Return nothing but the lines from the one with "The test begins in" through the one with "Now I have to" in the data below, word for word and without pictures.

PROVIDED INFORMATION →
▬▬▬▬▬▬

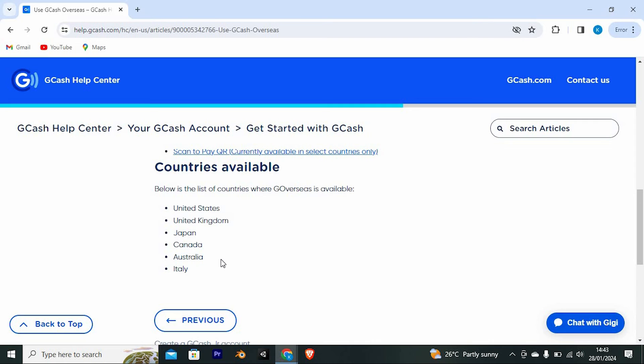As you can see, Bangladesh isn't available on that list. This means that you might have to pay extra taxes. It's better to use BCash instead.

▬▬▬▬▬▬

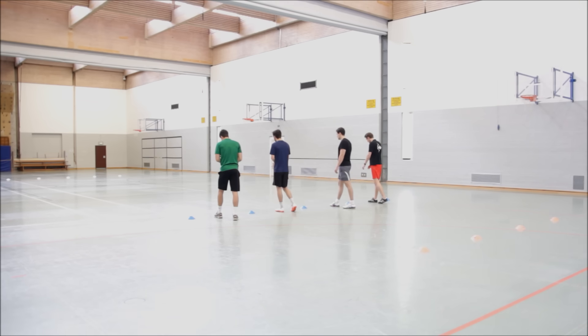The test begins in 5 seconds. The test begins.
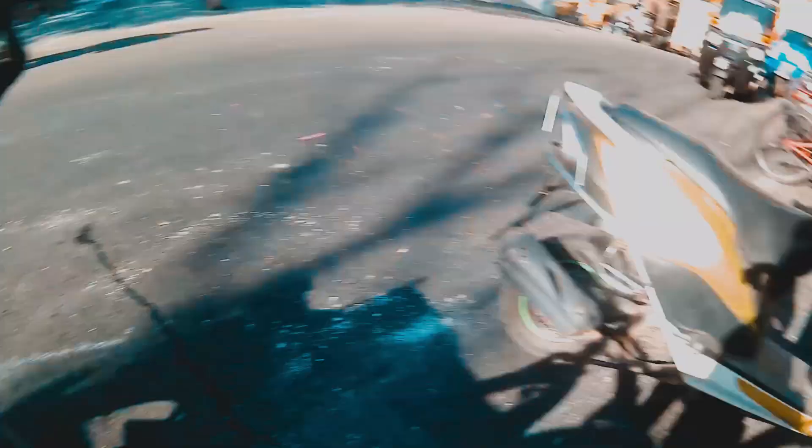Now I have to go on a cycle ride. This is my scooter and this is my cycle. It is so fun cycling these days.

▬▬▬▬▬▬

WORKED SOLUTION →
The test begins in 5 seconds. The test begins.
Now I have to go on a cycle ride. This is my scooter and this is my cycle. It is so fun cycling these days.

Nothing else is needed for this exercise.